2.6 User-Defined Functions (UDFs)
Key Takeaways
- A UDF extends Spark with custom row-level logic when built-in functions are insufficient; register with spark.udf.register or the @udf decorator.
- SQL UDFs (CREATE FUNCTION) stay inside the engine and are optimized by Catalyst, making them the fastest UDF type.
- Python UDFs incur serialization and per-row JVM-to-Python overhead and are opaque to Catalyst, so they are the slowest.
- Pandas (vectorized) UDFs process data in Arrow batches, dramatically faster than row-at-a-time Python UDFs.
- Always prefer built-in functions over UDFs; reach for UDFs only when no native function exists.
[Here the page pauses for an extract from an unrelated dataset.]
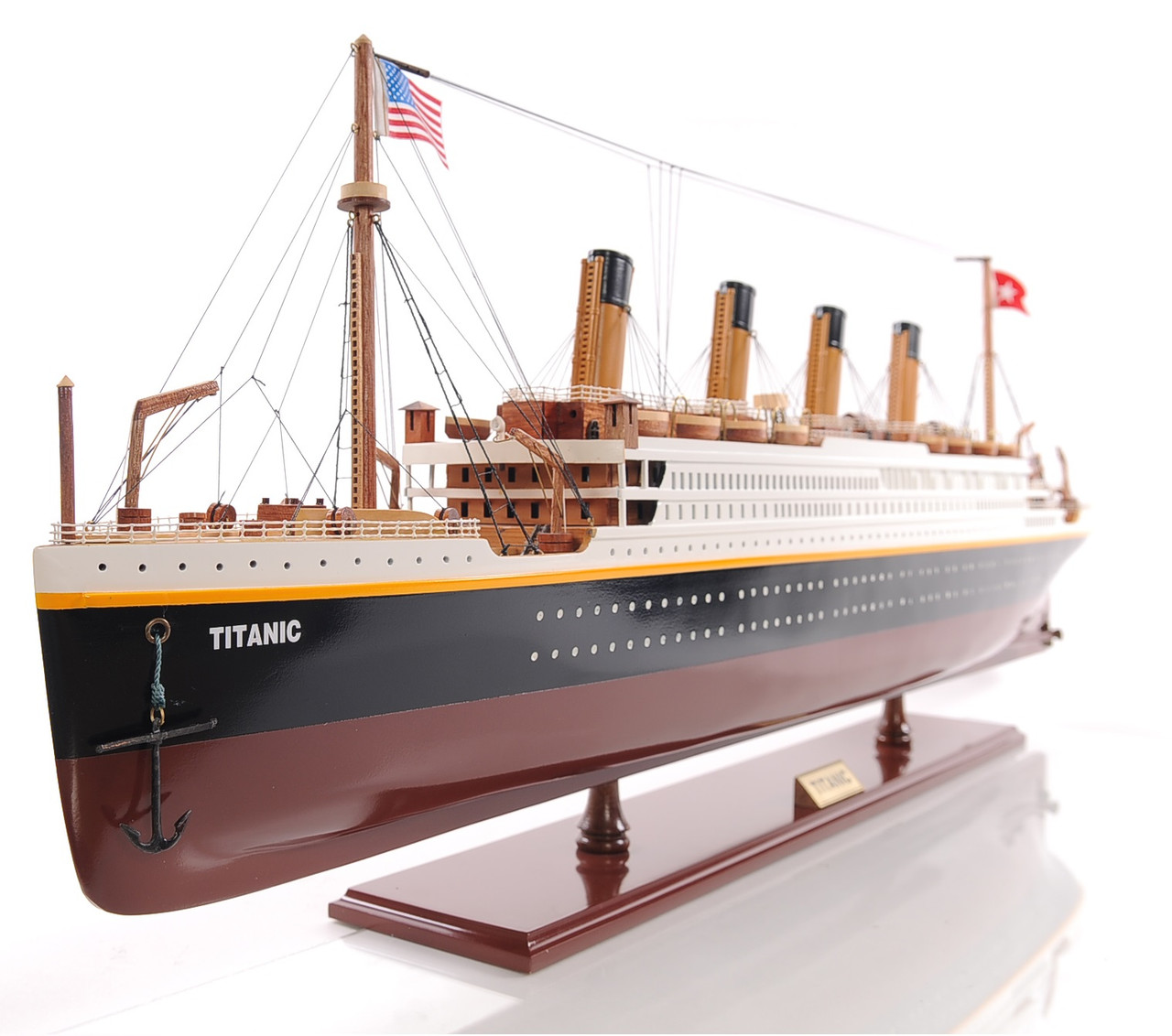 RMS Titanic Model Ship - 40" Large Edition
What a UDF Is and When to Use One
A user-defined function (UDF) lets you apply custom logic to each row of a DataFrame when Spark's rich library of built-in functions cannot express what you need. The cardinal rule, tested repeatedly: prefer built-in functions. Built-ins are implemented natively, understood by the Catalyst optimizer, and run inside the JVM with no serialization penalty. A UDF should be the last resort, used only when no native function exists for your transformation.
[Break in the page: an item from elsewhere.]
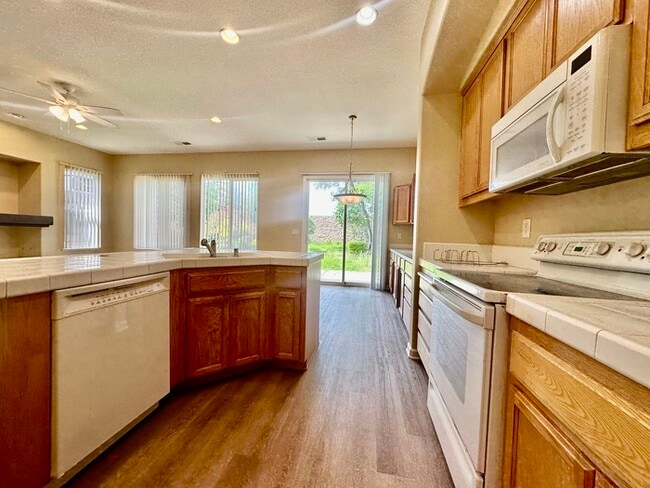 Building Photo - Beautiful, newly remodeled home in Fair Oaks!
In PySpark you create one by wrapping a Python function, declaring its return type, and registering it:
from pyspark.sql.functions import udf
from pyspark.sql.types import StringType
@udf(returnType=StringType())
def initials(name):
return ''.join(w[0] for w in name.split())
df.select(initials('full_name'))
To call it from Spark SQL, register it by name: spark.udf.register('initials', initials), then SELECT initials(full_name) FROM people.
UDF Types and Performance
Not all UDFs cost the same. The exam expects you to rank them by performance:
| UDF type | Optimized by Catalyst? | Speed |
|---|---|---|
SQL UDF (CREATE FUNCTION) | Yes — stays in the engine | Fastest |
| Pandas / vectorized UDF | Partially (Arrow batches) | Fast |
| Python UDF (row-at-a-time) | No — opaque black box | Slowest |
A SQL UDF is defined entirely in SQL and inlined, so Catalyst can optimize it like any expression:
CREATE FUNCTION fahrenheit(c DOUBLE)
RETURNS DOUBLE RETURN c * 9/5 + 32;
A plain Python UDF serializes each row from the JVM to a Python worker, runs your function, and serializes the result back — per row. This crossing of the JVM-Python boundary plus Catalyst's inability to see inside the function makes it the slowest option. A Pandas UDF (decorated with @pandas_udf) instead moves data in Apache Arrow batches and operates on whole pandas.Series at once, eliminating most per-row overhead and running far faster than a scalar Python UDF.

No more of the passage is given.